One reason I like teaching is it helps me understand things better. This came up in a couple different ways while working on the new book, and I’m too delighted by it not to share. Say we have the following user requirements:
Our conference center has a bunch of rooms that are reserved by people each day. Each room has a set of time slots that can be reserved. We need software that supports this.
That gives us three domain objects,
Room, and (time)
Slot, and the concept of reservations. But there are many different ways our software could represent reservations:
phas a reservation for
schedule[r][s] == p.
(r, s) in p.reservations.
table.exists?(t => t.r == r && t.p == p && s between (t.start, t.end).
All of these have their tradeoffs, and there’s a lot of factors you have to consider. One of these factors is correctness: do any representations make bugs less likely? And here’s where predicate logic can help. If the system diverges from the user requirements, that’s a bug, and we can use logic to formalize which requirements matter. First, let’s define the primitive predicate
Reserved(p, r, s):
Reserved(p, r, s): Person `p` has a reservation for room `r` at time slot `s`
This is higher-level than any of our possible representations: for each one the implementation of
Reserved in our code will look different, but the meaning is independent of our choice of structure. Now we can use this to define properties of the system. For example, the user might want that the same room and time can’t be reserved by two separate people simultaneously. In logic, we’d write that
all p in Person, r in Room, s in Slot: Reserved(p, r, s) => all p' in Person - p: !Reserved(p', r, s)

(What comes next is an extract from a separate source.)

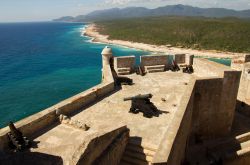 Vista sulla costa della provincia di Santiago de Cuba dal Castillo del Morro, la fortezza all'ingresso della baia.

In English, for any given person, room, and slot, if the person has a reservation for that room and slot, then all other people don’t have a reservation for that room and slot. It’s still possible for nobody to have a reservation, that isn’t ruled out by our property.
The field and table representations I gave can violate this property, so we’d need validation to make sure it never happens. The schedule representation, however, cannot violate it. Since
schedule[r][s] can only have one value, there will only be at most one person scheduled for a given pair. You might be familiar with this concept as making illegal states unrepresentable— we used predicate logic to determine what states should be illegal.
This doesn’t mean that the schedule is the best representation! There’s other tradeoffs we need to consider besides this one property, some of which may even be other properties that other representations can satisfy more easily. Maybe the client also wants that the minimum reservation time is two hours:
all p, r, s: Reserved(p, r, s) => Reserved(p, r, s+1) || Reserved(p, r, s-1)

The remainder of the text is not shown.